→ **WORK TO BE COMPLETED**
Only the lines below starting at the one containing "ZEBRA - TIER" and ending at the one containing "Custom Ariel Little" belong in the answer, each copied exactly.

→ **RECORD EXCERPTS**
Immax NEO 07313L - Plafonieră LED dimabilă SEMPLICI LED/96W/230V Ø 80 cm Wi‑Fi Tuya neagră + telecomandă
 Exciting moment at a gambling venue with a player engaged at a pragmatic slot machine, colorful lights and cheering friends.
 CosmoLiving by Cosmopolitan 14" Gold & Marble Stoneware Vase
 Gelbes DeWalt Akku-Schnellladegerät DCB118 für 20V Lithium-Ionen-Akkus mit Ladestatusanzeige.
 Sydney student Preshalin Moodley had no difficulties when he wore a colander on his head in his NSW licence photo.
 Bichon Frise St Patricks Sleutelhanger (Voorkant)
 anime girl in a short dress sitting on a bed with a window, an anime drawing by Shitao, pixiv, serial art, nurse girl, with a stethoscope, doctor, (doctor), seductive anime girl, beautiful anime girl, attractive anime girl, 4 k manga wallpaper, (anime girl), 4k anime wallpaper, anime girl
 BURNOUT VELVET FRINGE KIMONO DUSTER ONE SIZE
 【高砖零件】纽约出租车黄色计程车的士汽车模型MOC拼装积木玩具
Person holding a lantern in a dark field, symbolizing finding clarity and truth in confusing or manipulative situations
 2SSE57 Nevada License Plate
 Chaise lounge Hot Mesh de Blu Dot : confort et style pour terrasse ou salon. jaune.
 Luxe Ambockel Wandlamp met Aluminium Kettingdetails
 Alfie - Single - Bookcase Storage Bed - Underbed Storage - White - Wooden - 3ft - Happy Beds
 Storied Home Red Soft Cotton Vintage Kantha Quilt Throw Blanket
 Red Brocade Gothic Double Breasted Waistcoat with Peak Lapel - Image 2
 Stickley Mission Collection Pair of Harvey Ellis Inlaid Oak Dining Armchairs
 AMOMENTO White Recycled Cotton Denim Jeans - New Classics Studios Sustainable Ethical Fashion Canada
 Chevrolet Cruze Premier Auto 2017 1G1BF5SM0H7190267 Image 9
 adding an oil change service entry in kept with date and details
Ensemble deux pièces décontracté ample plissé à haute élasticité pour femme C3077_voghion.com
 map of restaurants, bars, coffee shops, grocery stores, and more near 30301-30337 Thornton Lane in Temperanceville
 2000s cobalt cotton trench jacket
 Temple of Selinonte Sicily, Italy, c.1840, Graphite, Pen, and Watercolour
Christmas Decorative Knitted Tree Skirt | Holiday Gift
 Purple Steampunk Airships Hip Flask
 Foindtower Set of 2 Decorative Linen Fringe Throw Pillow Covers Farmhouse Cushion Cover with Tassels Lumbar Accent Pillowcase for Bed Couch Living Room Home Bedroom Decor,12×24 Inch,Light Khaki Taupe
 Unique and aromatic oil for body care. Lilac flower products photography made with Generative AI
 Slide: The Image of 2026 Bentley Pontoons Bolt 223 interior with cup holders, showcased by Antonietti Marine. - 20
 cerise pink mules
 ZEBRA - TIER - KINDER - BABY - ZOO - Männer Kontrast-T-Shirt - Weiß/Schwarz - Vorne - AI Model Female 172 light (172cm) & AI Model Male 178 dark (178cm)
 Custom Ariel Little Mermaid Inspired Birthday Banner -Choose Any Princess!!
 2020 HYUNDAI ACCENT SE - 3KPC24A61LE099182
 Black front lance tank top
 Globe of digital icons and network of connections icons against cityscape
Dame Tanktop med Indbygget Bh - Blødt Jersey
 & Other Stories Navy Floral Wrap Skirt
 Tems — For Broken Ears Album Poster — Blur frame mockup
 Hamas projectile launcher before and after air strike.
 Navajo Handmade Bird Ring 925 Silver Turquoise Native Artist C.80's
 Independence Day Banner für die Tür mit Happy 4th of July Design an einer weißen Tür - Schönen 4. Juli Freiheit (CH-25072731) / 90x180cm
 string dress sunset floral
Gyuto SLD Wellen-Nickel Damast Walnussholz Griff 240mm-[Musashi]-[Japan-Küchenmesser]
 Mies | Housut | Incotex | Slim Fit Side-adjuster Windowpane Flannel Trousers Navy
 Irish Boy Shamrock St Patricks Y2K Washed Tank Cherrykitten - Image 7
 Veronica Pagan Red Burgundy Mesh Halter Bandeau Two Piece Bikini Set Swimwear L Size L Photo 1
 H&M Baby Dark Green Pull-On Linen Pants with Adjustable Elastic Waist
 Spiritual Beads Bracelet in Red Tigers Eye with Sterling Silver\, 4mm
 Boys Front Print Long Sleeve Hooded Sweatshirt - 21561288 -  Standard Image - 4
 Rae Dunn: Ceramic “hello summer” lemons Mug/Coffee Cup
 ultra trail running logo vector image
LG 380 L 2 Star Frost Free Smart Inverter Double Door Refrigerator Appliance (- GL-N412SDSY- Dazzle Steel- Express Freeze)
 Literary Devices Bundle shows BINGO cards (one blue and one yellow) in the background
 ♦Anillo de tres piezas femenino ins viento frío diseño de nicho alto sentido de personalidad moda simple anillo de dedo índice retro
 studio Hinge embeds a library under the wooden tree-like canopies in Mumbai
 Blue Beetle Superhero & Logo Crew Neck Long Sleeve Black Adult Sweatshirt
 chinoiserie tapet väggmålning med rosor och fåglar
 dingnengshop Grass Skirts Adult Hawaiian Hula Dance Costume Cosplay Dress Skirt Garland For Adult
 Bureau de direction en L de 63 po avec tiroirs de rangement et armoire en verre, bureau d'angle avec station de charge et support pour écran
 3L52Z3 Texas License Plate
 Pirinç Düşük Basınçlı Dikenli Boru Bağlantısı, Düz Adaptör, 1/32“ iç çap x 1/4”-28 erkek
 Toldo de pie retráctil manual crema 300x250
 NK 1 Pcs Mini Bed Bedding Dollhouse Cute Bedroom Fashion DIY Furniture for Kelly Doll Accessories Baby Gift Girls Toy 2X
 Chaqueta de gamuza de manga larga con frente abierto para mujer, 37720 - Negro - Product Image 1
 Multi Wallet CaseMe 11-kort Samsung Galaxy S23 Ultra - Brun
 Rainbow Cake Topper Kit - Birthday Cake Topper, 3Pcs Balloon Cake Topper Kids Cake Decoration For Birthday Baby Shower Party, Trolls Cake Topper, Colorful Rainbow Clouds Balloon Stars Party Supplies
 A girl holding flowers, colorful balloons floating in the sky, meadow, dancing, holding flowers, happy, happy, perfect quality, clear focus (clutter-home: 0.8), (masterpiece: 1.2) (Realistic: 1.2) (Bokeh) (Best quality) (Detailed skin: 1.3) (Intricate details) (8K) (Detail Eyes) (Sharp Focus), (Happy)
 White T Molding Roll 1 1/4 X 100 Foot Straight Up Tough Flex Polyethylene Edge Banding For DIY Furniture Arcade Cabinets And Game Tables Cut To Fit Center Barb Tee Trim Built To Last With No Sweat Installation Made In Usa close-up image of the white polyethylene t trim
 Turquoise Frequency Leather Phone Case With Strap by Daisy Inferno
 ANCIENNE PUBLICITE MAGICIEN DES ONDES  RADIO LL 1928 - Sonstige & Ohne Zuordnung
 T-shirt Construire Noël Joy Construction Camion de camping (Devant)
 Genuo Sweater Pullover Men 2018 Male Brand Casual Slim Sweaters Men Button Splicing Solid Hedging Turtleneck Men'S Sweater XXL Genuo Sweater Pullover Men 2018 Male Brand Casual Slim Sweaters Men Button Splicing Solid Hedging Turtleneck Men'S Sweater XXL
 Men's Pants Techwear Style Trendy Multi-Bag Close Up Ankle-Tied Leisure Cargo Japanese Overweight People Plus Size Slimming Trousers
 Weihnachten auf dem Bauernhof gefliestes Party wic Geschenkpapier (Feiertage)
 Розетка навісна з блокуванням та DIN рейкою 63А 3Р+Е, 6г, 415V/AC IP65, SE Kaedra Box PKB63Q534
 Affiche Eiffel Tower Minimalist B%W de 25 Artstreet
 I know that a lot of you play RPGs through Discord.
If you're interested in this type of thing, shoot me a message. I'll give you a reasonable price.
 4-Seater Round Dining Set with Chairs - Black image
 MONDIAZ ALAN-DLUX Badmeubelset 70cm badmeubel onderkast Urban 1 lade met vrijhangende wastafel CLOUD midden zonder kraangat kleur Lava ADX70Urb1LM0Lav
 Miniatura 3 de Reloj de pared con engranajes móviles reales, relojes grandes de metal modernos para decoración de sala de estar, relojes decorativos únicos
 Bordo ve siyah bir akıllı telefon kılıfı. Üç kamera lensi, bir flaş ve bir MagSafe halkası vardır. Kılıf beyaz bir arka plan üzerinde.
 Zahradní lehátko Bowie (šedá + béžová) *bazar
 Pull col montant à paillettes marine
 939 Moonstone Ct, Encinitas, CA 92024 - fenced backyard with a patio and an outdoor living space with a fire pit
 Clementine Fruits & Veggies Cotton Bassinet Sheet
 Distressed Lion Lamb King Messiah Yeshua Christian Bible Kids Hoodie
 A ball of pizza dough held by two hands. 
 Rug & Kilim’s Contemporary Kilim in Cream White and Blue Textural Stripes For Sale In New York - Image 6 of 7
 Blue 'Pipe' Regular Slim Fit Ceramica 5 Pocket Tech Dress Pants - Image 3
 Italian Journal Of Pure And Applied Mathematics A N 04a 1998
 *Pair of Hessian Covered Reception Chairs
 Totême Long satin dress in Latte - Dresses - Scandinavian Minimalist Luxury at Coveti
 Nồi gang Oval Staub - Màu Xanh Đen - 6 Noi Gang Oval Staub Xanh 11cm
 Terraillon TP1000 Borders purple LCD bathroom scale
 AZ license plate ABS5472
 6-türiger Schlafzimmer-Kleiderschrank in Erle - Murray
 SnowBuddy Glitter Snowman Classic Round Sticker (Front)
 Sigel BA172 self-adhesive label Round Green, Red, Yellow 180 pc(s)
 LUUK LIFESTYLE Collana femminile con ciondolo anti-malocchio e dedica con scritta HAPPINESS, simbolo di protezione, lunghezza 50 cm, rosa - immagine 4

→ **EXERCISE RESULT**
 ZEBRA - TIER - KINDER - BABY - ZOO - Männer Kontrast-T-Shirt - Weiß/Schwarz - Vorne - AI Model Female 172 light (172cm) & AI Model Male 178 dark (178cm)
 Custom Ariel Little Mermaid Inspired Birthday Banner -Choose Any Princess!!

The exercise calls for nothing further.